Harris beat Trump in H2H polls against Trump in 2024. What matters is likely voters in swing states. Sanders gets crushed across the board when it comes to people actually voting, which is why he lost the primaries. Pelosi gets donors, and her primary opponents don't. No smoke-filled rooms needed.
>Harris beat Trump in H2H polls against Trump in 2024.
Not as consistently, not by the same margins, and with a large amount of ambivalence from swing voters. They liked Sanders in a way that Harris could never emulate. Every election over the last generation, save 2012, was determined by answering the question, "Are you sufficiently different from the last guy?" Obama, Trump, Biden, and, yes, Sanders were. McCain, Romney, Clinton, Trump (ironically), and Harris were not.
Sanders lost Democratic primaries (sometimes in dubious fashion), but kicked our milquetoast candidates' butts with swing voters in swing states, which I agree is what matters (other than not losing the progressive base, which is also something he was good at). He peeled off independents and Republicans who were fed up with Democratic centrism; as with Trump, ANY change would do for them, as long as it was unequivocal. And Sanders had the advantage of not having a history of raping women. Our loss, sabotogating his campaign (literally).
Getting donors isn't a virtue.

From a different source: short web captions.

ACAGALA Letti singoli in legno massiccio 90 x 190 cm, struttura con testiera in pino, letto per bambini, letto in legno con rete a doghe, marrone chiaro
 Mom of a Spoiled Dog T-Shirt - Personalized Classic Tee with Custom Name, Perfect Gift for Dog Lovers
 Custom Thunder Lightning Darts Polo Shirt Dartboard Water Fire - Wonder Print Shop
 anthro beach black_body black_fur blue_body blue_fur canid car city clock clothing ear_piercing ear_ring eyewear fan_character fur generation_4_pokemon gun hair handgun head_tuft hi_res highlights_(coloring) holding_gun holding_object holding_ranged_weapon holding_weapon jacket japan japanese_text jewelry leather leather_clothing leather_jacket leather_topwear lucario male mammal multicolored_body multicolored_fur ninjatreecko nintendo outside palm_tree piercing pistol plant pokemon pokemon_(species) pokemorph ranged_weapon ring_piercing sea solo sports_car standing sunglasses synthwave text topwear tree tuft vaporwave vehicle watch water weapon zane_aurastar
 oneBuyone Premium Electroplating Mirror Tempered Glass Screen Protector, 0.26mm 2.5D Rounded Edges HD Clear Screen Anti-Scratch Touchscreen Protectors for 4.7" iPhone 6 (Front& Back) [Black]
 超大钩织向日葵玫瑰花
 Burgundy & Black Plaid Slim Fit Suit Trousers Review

Several successful Democratic candidates have run on eschewing the wrong kinds of donors. Regardless, she uses the smoke-filled rooms anyway. And then lies about basic stuff like, "This will be my last time running for office." It's no wonder that people on both sides of the aisle hate her. She represents many of the reasons Democrats lose, and only wins herself through momentum and subterfuge.
If the just move more left strat worked, I would expect to see an AOC style candidate in at least one red state. But the truth is that style of politics isn't popular outside of a few very blue districts.
Dan Osborn gave of a glimpse of what a left populist campaign in a red state might look like but he still lost. And half of his positions would get you cancelled by the AOCs of the world. The reality is a 2012 Obama platform is about as far left as you can go and hope to win a nationwide general election in the current US political climate.